5.4 Quantitative Variables

#Tenure histogram
p17 <- ggplot(data = churn_clean, aes(tenure, color = Churn))+
  geom_freqpoly(binwidth = 5, size = 1)

#Monthly charges histogram
p18 <- ggplot(data = churn_clean, aes(MonthlyCharges, color = Churn))+
  geom_freqpoly(binwidth = 5, size = 1)

#Total charges histogram
p19 <- ggplot(data = churn_clean, aes(TotalCharges, color = Churn))+
  geom_freqpoly(binwidth = 200, size = 1)

#Plot quantitative data within a grid
grid.arrange(p17, p18, p19, ncol=1)

The tenure variable is stacked at the tails, so a large proportin of customers have either been had the shortest (1 month) or longest (72 month) tenure. It appears as if the MonthlyCharges variable is roughly normaly distribued around $80 per month with a large stack near the lowest rates. The TotalCharges variable is positively skewed with a large stack near the lower amounts.

5.5 Churn : Variable of interest

Lastly, let’s examine our main outcome variable of interest, churn.
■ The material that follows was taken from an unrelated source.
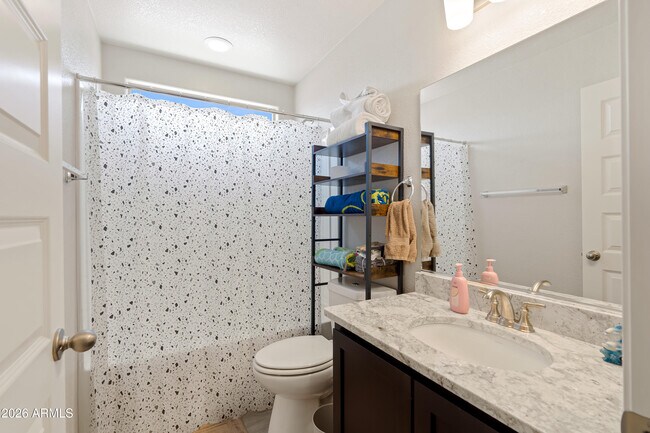 Building Photo - 4215 Tinker Dr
p20 <- ggplot(churn_clean, aes(x = Churn)) +
  geom_bar(aes(fill = Churn)) +
  geom_text(aes(y = ..count.. -200, 
                label = paste0(round(prop.table(..count..),4) * 100, '%')), 
            stat = 'count', 
            position = position_dodge(.1), 
            size = 3)
p20

Roughly a quarter of our sample are no longer customers. Let’s try to predict those that churn with some classification modeling techniques.

6 Checking Correlation

churn_clean %>%
  dplyr::select (TotalCharges, MonthlyCharges, tenure) %>%
  cor() %>%
  corrplot.mixed(upper = "circle", tl.col = "black", number.cex = 0.7)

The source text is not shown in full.